(TASK): For the records below, copy exactly the span that begins at the line containing "Coulisses d’une expédition: nos" and stops after the line containing "Snapshot before the journey begins...", minus any pictures.

(Scraped caption text data)
◇ ◇ ◇ ◇

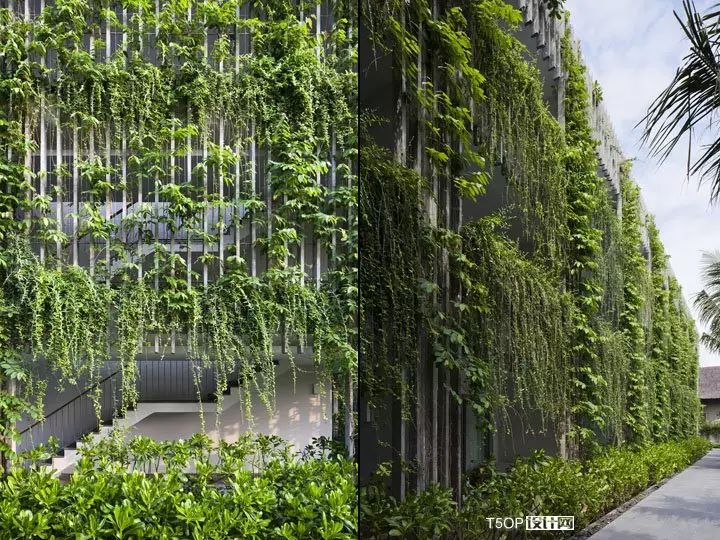 去了越南,这家绿植酒店一定不能错过-24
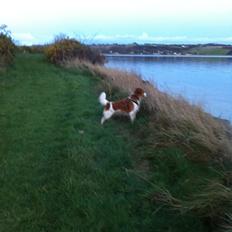 Kooikerhondje Baschko's Jelle V. Danser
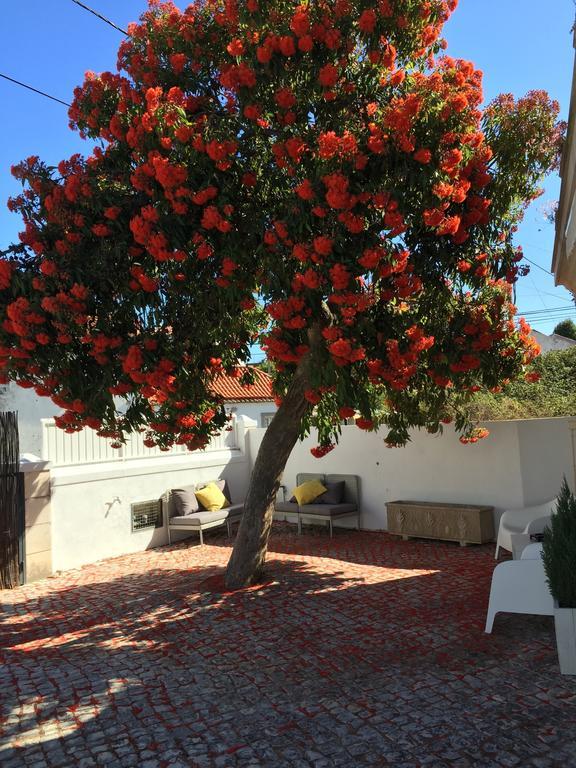 Cosy Sintra Hotel Exterior photo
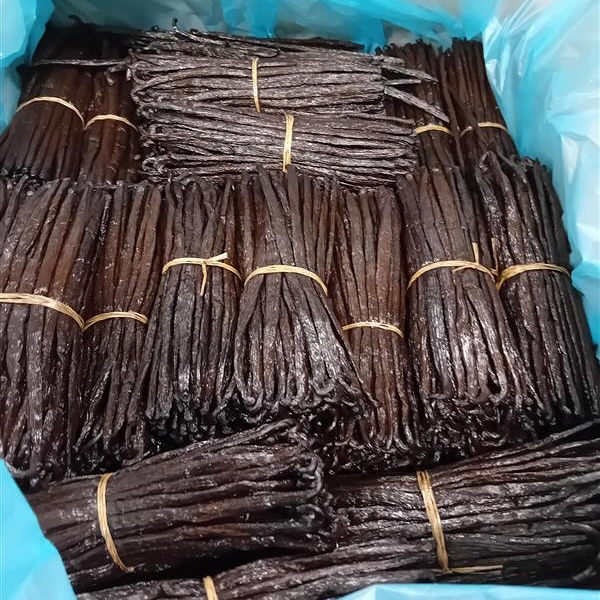 Coulisses d’une expédition: nos gousses de vanille s’apprêtent à rejoindre leur futur écrin.
Chaque lot est plus qu’un produit, c’est une promesse de goût et d’authenticité.
#spiceroad #vanille #expédition #qualité
#gout #authenticité
Snapshot before the journey begins...
More than shipping — it’s the beginning of a new gourmet story.
#spiceroad #vanilla #vanillabeans #shipping #gourmet #authentic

◇ ◇ ◇ ◇

(REPLY TO THE EXERCISE):
 Coulisses d’une expédition: nos gousses de vanille s’apprêtent à rejoindre leur futur écrin.
Chaque lot est plus qu’un produit, c’est une promesse de goût et d’authenticité.
#spiceroad #vanille #expédition #qualité
#gout #authenticité
Snapshot before the journey begins...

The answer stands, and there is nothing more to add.